La plupart des messages qui s’avérèrent par la suite déchiffrables furent interceptés entre 1942 et 1945, et furent décryptés au début de l’année 1946 et cela jusqu’en 1980, date à laquelle le projet Venona fut arrêté.

Sommaire

Contexte

Les « casseurs de code » de l’agence militaire américaine de sécurité des signaux, Signals Intelligence Service (en), communément appelée Arlington Hall (en), avaient intercepté de grandes quantités de trafic encrypté provenant des services de renseignement soviétiques pendant et juste après la Seconde Guerre mondiale.

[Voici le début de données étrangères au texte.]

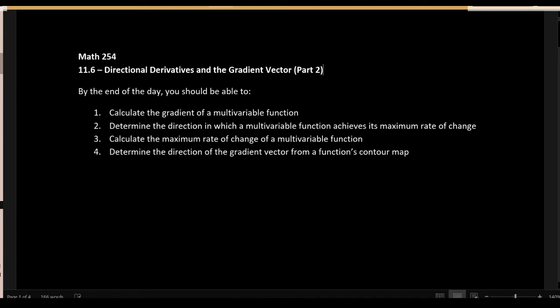Welcome back to section 11.6. Today we're going to talk about the second part of this section, namely the gradient vector, which is going to be an extremely important vector for this class. By the end of the day, we should be able to calculate the gradient vector for a multivariable function, use it to determine the direction of maximum rate of change, find the actual maximum rate of change, and determine the gradient vector from a function's contour map.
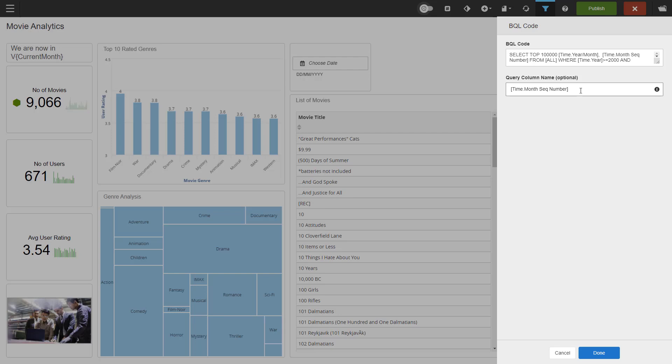That was the second video on filters in Burst. A lot of options, a lot of functionality, a lot of flexibility to do whatever you want with filters. Thank you for watching.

Ce trafic, en partie crypté selon un système à masque jetable, fut gardé et analysé en secret par une centaine de cryptanalystes sur une période d’environ 40 ans, dès le début des années 1940. À cause d’une sérieuse bourde de la part des chiffreurs soviétiques – la réutilisation pour différents messages de pages de clés supposées ne servir qu’une fois – une partie du trafic fut particulièrement exposée et vulnérable à la cryptanalyse.

Le projet Venona vit le jour en 1943, sous l’ordre du député chef des renseignements militaires Carter W. Clarke[1]. Clarke ne faisait pas confiance à Staline et craignait que l’Union soviétique ne signe un traité de paix séparé avec l’Allemagne, permettant ainsi à l’Allemagne de concentrer sa force militaire sur la Grande-Bretagne et les États-Unis.

La percée

De manière générale, les soviétiques utilisaient un code pour convertir les mots et les lettres en nombres, auxquels des clés à usage unique étaient ajoutées, ce qui cryptait le contenu du message. S’il est utilisé correctement, le système à clé unique est théoriquement incassable. La cryptanalyse par des casseurs de code américains et britanniques révéla qu’une partie des clés avaient été réutilisées par les soviétiques (plus spécifiquement des morceaux de clés, pas les clés entières), ce qui permettait le décryptage (quelquefois partiel) d’une petite partie du trafic.

Ce fut Richard Hallock, travaillant au Arlington Hall sur le trafic « Commercial » soviétique (ce trafic traitait principalement du commerce soviétique, d’ou son nom …), qui découvrit le premier que les soviétiques faisaient du recyclage de clés. Hallock et ses collègues (dont Geneviève Feinstein, Cecil Phillips, Frank Lewis, Frank Wanat, et Lucille Campbell) arrivèrent à casser une grande partie du trafic « Commercial », et recouvrèrent par la même occasion des tables entières de clés additives utilisées dans ces messages.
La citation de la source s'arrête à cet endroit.